The decision by British premier Theresa May to call a snap general election in just seven weeks’ time is all the more of a surprise because, ever since she succeeded David Cameron in Downing Street, May has been insisting that her government would serve out its statutory term which ends in 2020.
The pro-EU Cameron resigned when the referendum he had promised on continued EU membership was won by the Leave campaign. Though May had been a “remainer”, she played little role in the referendum hustings and when she took over from Cameron pledged “Brexit means Brexit”. She insisted that she was going to carry out the will of the British electorate and that there would be no half-measures. The UK was going to quit the EU. Last month she triggered the two-year process in which London’s departure will be negotiated in Brussels.

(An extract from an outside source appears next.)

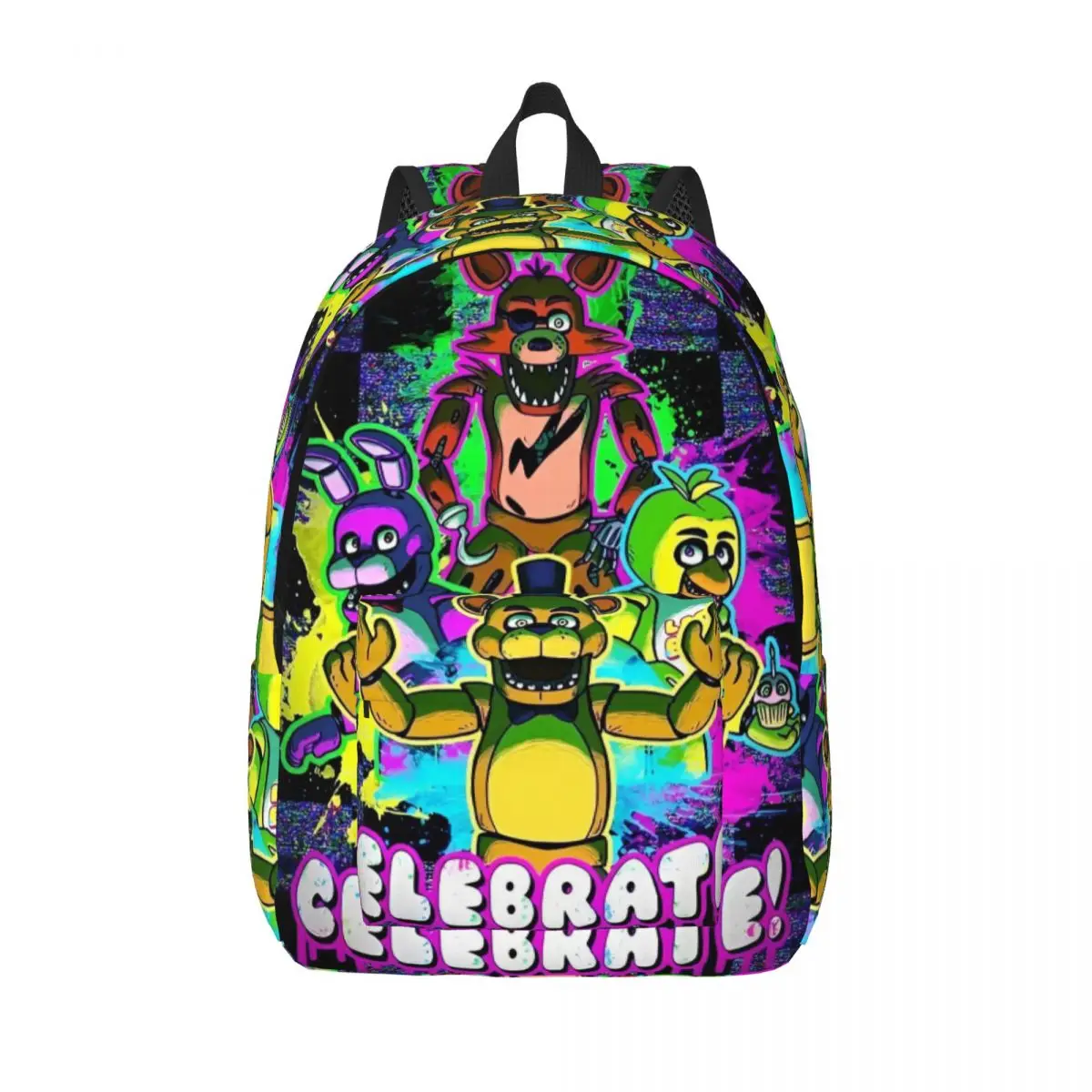 

FNAFS Backpack Middle High College School Student Horror reasoning Video Game Book Bags Teens Daypack Sports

May gave as her main reason for changing her mind about a snap election the fact that while the country was united on the path to Brexit, parliamentarians were not. On the face of it, this is specious nonsense. The pro-European British establishment is still in a state of shock at losing. The “remoaners”, as they are now characterized, are still grumbling and pushing for a second referendum.
The real reason for May’s move is more to do with the fact that she currently has an overall majority of just 17 in parliament. The opposition Labour party is in chaos under a left-wing leader who for all his evident sincerity does not look to many voters like prime minister material. The UK Independence Party, which played such a role in bringing about and then winning the referendum, has become a squabbling rabble that is a victim of its own success. May is clearly calculating that she will romp home with a much larger majority. This will not only give her a personal mandate to get on with Brexit but it will also rob pro-European MPs in her party of the ability to make significant difficulties during the negotiations with Brussels.
The problem is that this election is coming almost exactly a year after the historic referendum. Pro-Europeans will undoubtedly see it as an opportunity to stage a second vote that can be taken as overthrowing last year’s Brexit result. Given the ineffectual Labour opposition, there is a clear likelihood that the battleground will be within May’s conservative party itself. The risk of splitting the party in a replay of the deeply-damaging divisions under 1990s Conservative premier John Major seems very clear. Unless May can maintain party discipline, there is a clear danger that even if she wins, she will be at the head of an unstable party where old wounds have been reopened and turned politically septic.
The one advantage that May would seem to enjoy is that seven weeks is not very long for the pro-Europeans to mount a successful campaign within the general election. But now that the starting gun has been fired, all sorts of unlikely cross-party alliances, revelations and feuds seem set to emerge. By the time the British vote again, it will be known if Marine Le Pen has been checked in her chauvinistic and racist drive for the French presidency. The French outcome could have a powerful effect on the UK vote.